Abstractions for model training with Podium¶

Models¶

Module contains ML models.

Pipeline¶

Package contains components for automatic training and evaluation of ML models.

Model selection¶

Method used to find the best combination of training and model hyperparameters out of the given hyperparameters. This method uses simple grid search to evaluate all possible combinations of the given hyperparameters. Based on sklearn’s sklearn.model_selection.GridSearchCV. Each hyperparameter combination is scored by first training the model and then evaluating that model using k-fold cross validation. The final score for a set of hyperparameters is the mean of scores across all folds.

Parameters
  • experiment (Experiment) – Experiment defining the training and prediction procedure to be optimised.

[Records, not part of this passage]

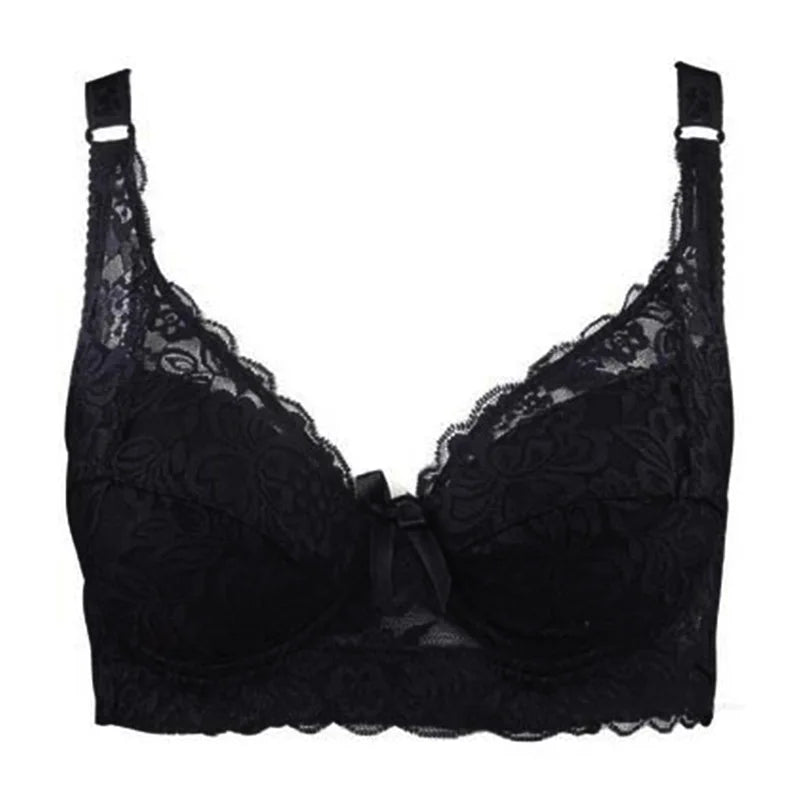 Sostén Push Up Tallas Grandes con Encaje - Bra Copa D 42D-46D (80CD-105CD)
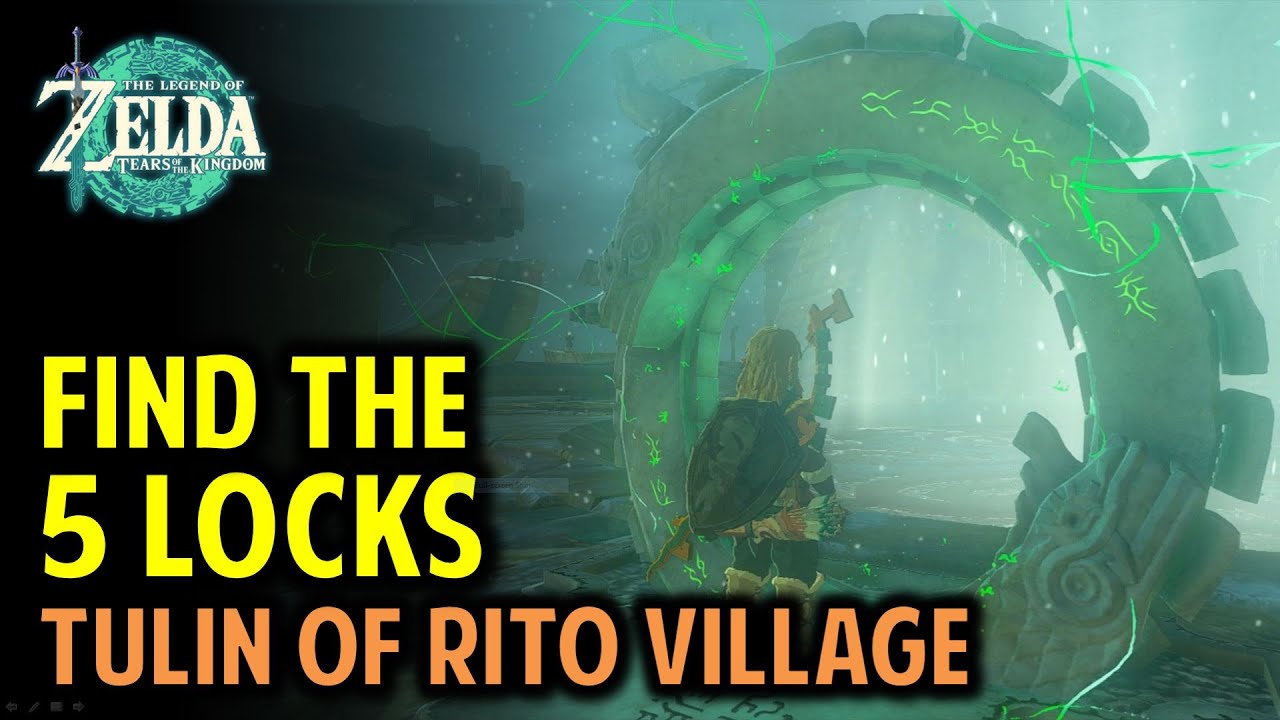 Find the Five Locks & Open the Hatch in Wind Temple | The Legend of Zelda: Tears of the Kingdom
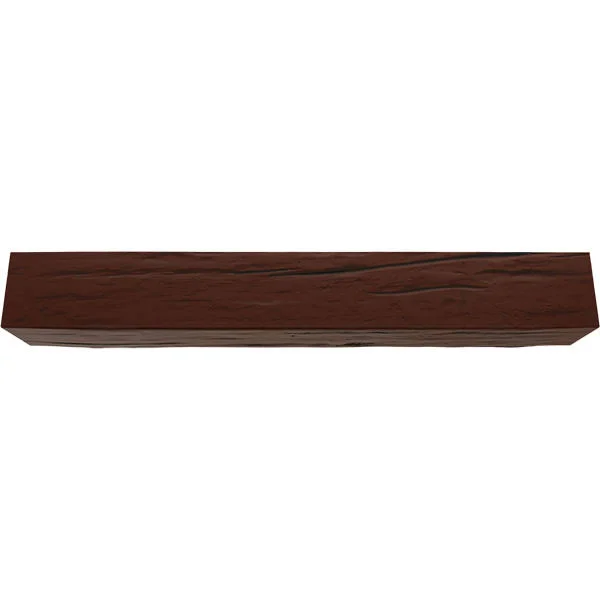 Ekena Millwork BMRW2C0060X060X120PE 6x22W x 6x22H x 10&L 2-Sided (L-beam) Riverwood Endurathane Faux Wood Ceiling Beam, Natural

  • dataset (Dataset) – Dataset to be used in the hyperparameter search.

  • score_fun (callable) – Function used to score a hyperparameter set.

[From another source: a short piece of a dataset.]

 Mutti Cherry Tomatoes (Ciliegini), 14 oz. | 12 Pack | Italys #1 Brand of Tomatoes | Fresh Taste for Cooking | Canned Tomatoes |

  • model_param_grid (Dict or Iterable of Dicts) – The model parameter grid. Combinations taken from this grid are passed to the model’s __init__ function. Dictionary with parameters names (string) as keys and lists of parameter settings to try as values, or a list of such dictionaries, in which case the grids spanned by each dictionary in the list are explored. This enables searching over any sequence of parameter settings.

  • trainer_param_grid (Dict or Iterable of Dicts) – The trainer parameter grid. Combinations taken from this grid are passed to the trainers’s train function. Dictionary with parameters names (string) as keys and lists of parameter settings to try as values, or a list of such dictionaries, in which case the grids spanned by each dictionary in the list are explored. This enables searching over any sequence of parameter settings.

  • n_splits (int) – Number of folds to be used in cross-validation.

  • greater_is_better (bool) – Whether score_func is a score function (default), meaning high is good, or a loss function, meaning low is good.

  • print_progress (bool) – Whether to print progress. Progress is printed to sys.stderr.

Model validation¶

Package contains modules used in model validation.